Like NetworkX, GraphScope supports simple graph drawing through draw.

import graphscope.nx as nx

# create a star graph with 5 nodes
G = nx.star_graph(5)

# draw the graph with "nx.draw"
nx.draw(G, with_labels=True)

star_graph

Through some simple examples, we have shown the compatibility of GraphScope with the NetworkX interface and demonstrated the use of some graph operation/analysis interfaces. More detailed usage can be found in the GraphScope documentation.

Magnitude of Performance Improvement compared to NetworkX

GraphScope supports some of the built-in graph algorithms in NetworkX, and we can call these algorithms by calling the NetworkX algorithm. Below, we use a simple experiment to see how much GraphScope improves algorithm performance compared to NetworkX.

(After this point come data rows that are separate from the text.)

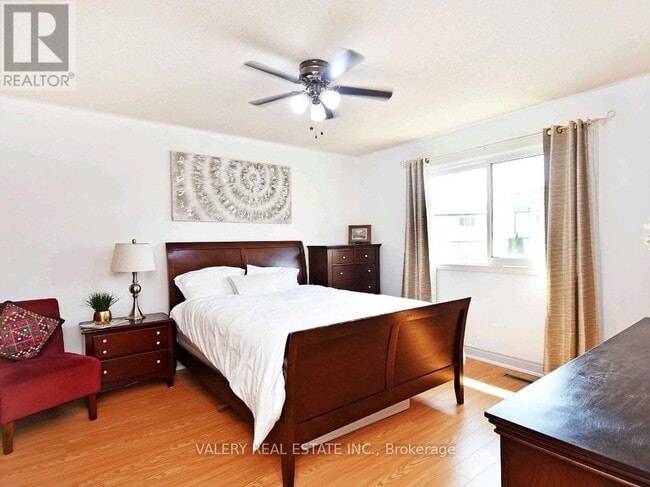 Building Photo - 16 Judith Crescent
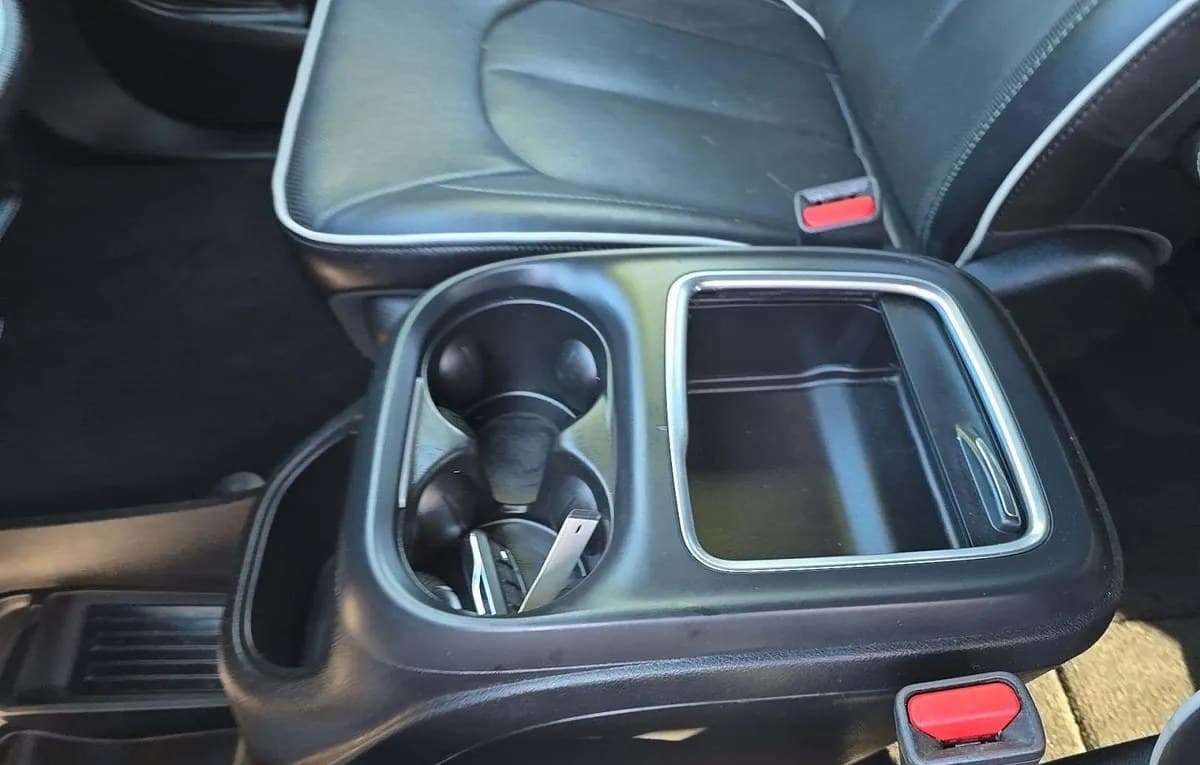 2018 CHRYSLER PACIFICA LIMITED 121.6" WB 5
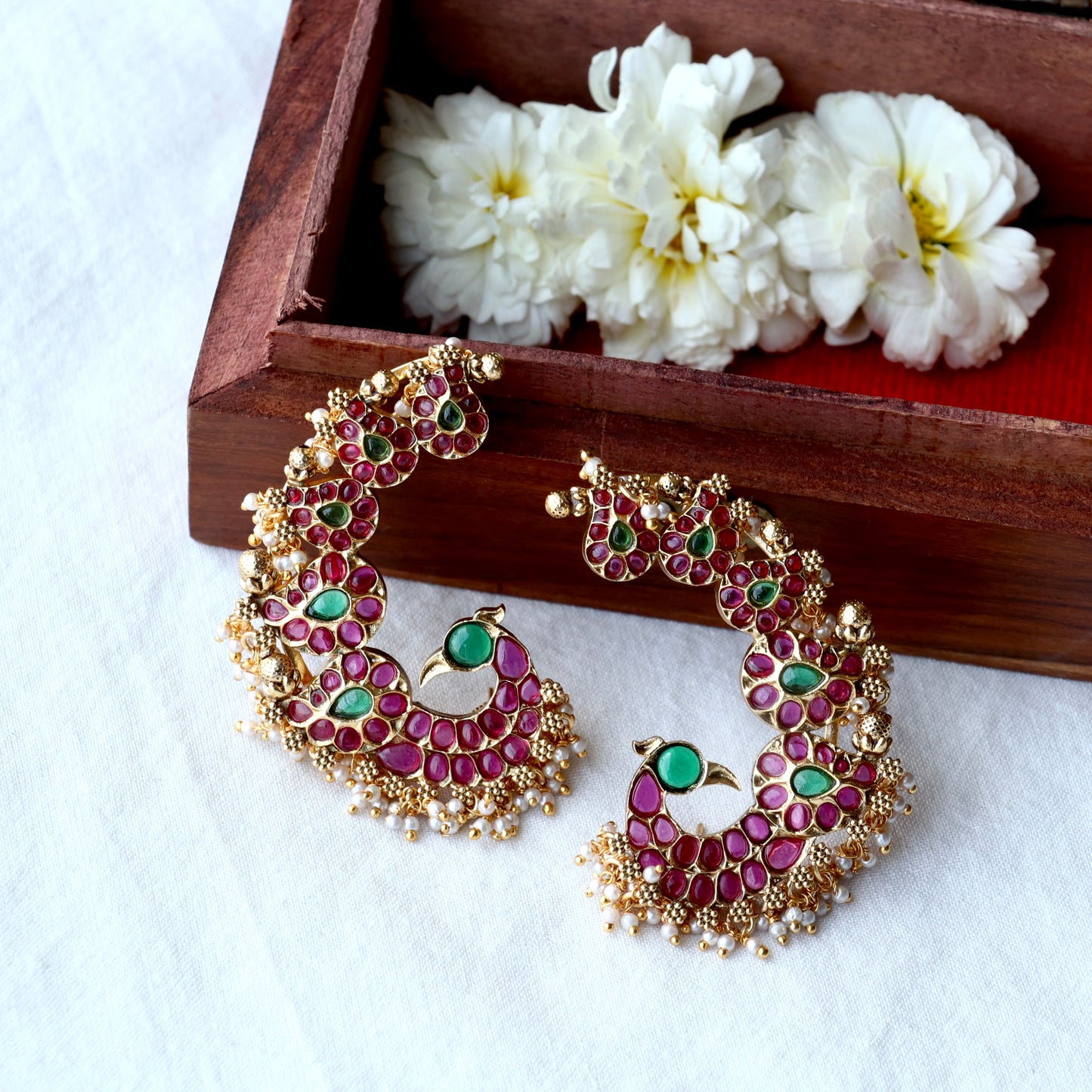 Pari Full Ear-Cuff Earrings With Pearls And Kemp Stones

This experiment uses twitter data from SNAP, and tests the Clustering algorithm built into NetworkX. The machine used for the experiment has 8 CPUs and 16G of memory.

First, we prepare the data and use wget to download the dataset to the local environment.

wget https://raw.githubusercontent.com/GraphScope/gstest/master/twitter.e ${HOME}/twitter.e

Then we load the snap-twitter data into GraphScope and NetworkX separately.

import os
import graphscope.nx as gs_nx
import networkx as nx

# load snap-twitter data into NetworkX
g1 = nx.read_edgelist(
     os.path.expandvars('$HOME/twitter.e'),
     nodetype=int,
     data=False,
     create_using=nx.Graph
)
type(g1)
# networkx.classes.graph.Graph

# load snap-twitter data into GraphScope
g2 = gs_nx.read_edgelist(
     os.path.expandvars('$HOME/twitter.e'),
     nodetype=int,
     data=False,
     create_using=gs_nx.Graph
)
type(g2)
# graphscope.nx.classes.graph.Graph

We use the Clustering algorithm to analyze the graph and see how much GraphScope improves algorithm performance compared to NetworkX.

%%time
# calculate the clustering coefficient of each node in the graph using GraphScope
ret_gs = gs_nx.clustering(g2)
# CPU times: user 213 ms, sys: 163 ms, total: 376 ms
# Wall time: 2.9 s

%%time
# calculate the clustering coefficient of each node in the graph using NetworkX
ret_nx = nx.clustering(g1)
# CPU times: user 54.8 s, sys: 0 ns, total: 54.8 s
# Wall time: 54.8 s

# compare the results
ret_gs == ret_nx
# True

From the experimental results, we can see that GraphScope’s built-in algorithms can achieve several orders of magnitude performance improvement compared to NetworkX, while providing simple and easy-to-use interfaces compatible with NetworkX.

Conclusion

This article introduces how to use GraphScope to operate and analyze graph in the style of NetworkX. Furthermore, we compare GraphScope’s compatibility with NetworkX interfaces and its high-performance analytical capabilities using clustering algorithms analyzed on the snap-twitter graph data.